[Task details]:
Exact reproduction of all the entries is required, without any of their pictures.
● ● ● ● ● ● ●
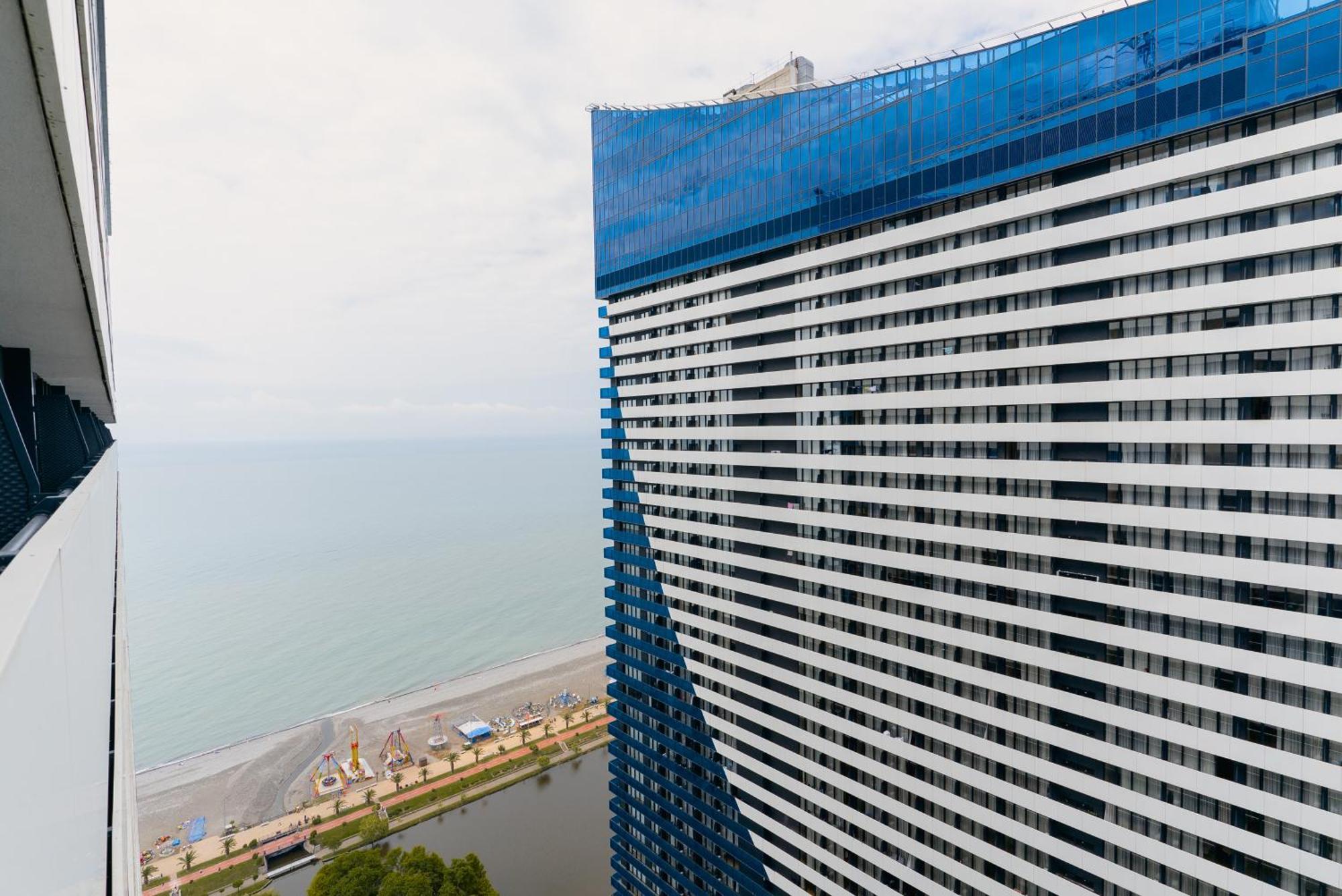 Habiby Orbi City Batumi Bagian luar foto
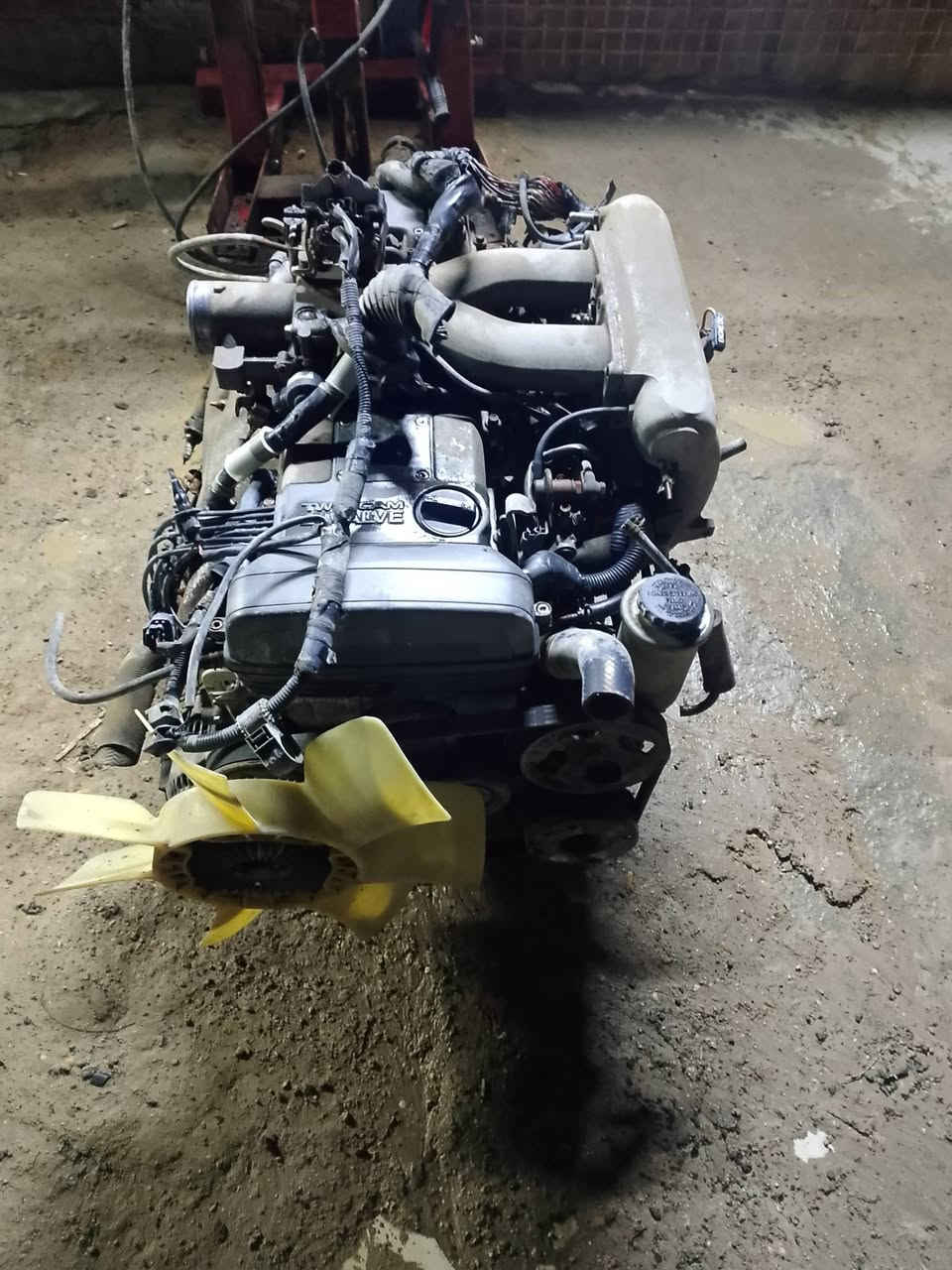 مكائن ٢٥٠٠ ديلكو ضمان 20يوم
الي يريد طابوكه ٦٥٠ضمان ٢٠يوم 
والكير ٣خطوط ضمان 20يوم سعره ٣٥٠
ويوجد تفرفعات اي شي تحتاج كلمن وسعره 
عنواني بغداد الحسينيه مال راشديه ***********
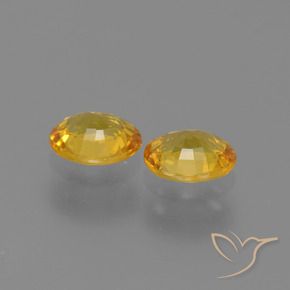 1.30克拉天然蓝宝石，椭圆形，VVS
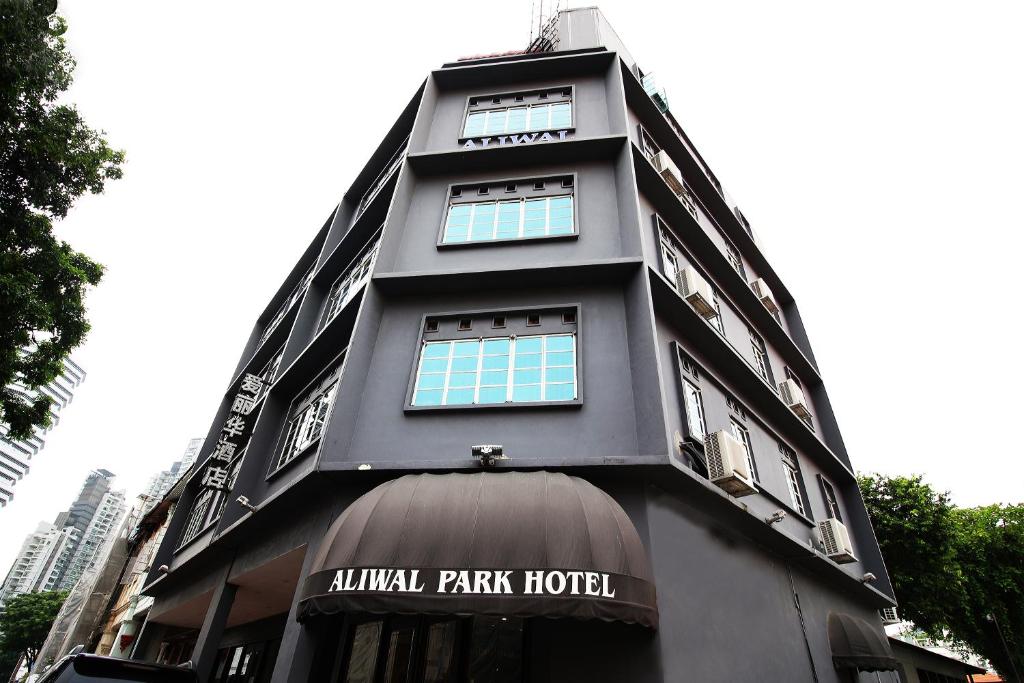 新加坡HOTEL JJH Aliwal的一座建筑,上面有读取动物公园的标志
● ● ● ● ● ● ●
[Response]:
 Habiby Orbi City Batumi Bagian luar foto
 مكائن ٢٥٠٠ ديلكو ضمان 20يوم
الي يريد طابوكه ٦٥٠ضمان ٢٠يوم 
والكير ٣خطوط ضمان 20يوم سعره ٣٥٠
ويوجد تفرفعات اي شي تحتاج كلمن وسعره 
عنواني بغداد الحسينيه مال راشديه ***********
 1.30克拉天然蓝宝石，椭圆形，VVS
 新加坡HOTEL JJH Aliwal的一座建筑,上面有读取动物公园的标志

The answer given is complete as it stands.